3,500 years ago, or so, God wanted to free his chosen people from slavery in Egypt. He performed many mighty acts to bring this about, but the people remained firmly in captivity. Finally, the choice became a very stark one: God would bring death to every house that did not participate in the Passover meal–a special meal reserved for God’s chosen people.
God’s people sacrificed a lamb, ate the lamb with unleavened bread at home with their families, and the death angel spared them.
Jesus instituted the Lord’s Supper as part of a Passover meal. It’s no coincidence. He was reminding us of some important similarities.

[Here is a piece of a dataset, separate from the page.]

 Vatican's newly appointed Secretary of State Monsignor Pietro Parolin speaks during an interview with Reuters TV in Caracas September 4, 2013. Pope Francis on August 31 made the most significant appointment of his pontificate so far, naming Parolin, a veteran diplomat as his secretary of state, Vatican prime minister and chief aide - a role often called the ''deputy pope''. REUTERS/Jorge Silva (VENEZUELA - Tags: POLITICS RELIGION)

We, too, were once enslaved, held in captivity to sin. And just like the Israelites of old, we were unable to rescue ourselves. Only a miracle could do it.
As we partake of this loaf, we are told we are eating the flesh of Jesus of Nazareth–the Passover lamb, sacrificed to save us from death. This meal is a mark of God’s chosen people. It’s the sacrifice that spares us from death–not our eating–but our eating shows that we are part of the community that’s been protected from death.
[Prayer for bread]
After the first Passover, the Israelites were commanded to celebrate the Passover with their families. The Passover was a way to be certain everyone in the family remembered how God had protected the Israelites from death and freed them from slavery.
And so we take this meal as a family, and the meal is a testimony to our children as to how this family came to be. We were rescued by a common sacrifice that joined us together as a single family for eternity. This meal shows our children that we are part of the chosen people of God and that we are not ashamed of that fact. Rather, we declare the death of Jesus to our families–and to the world–by participating in this most ancient ritual.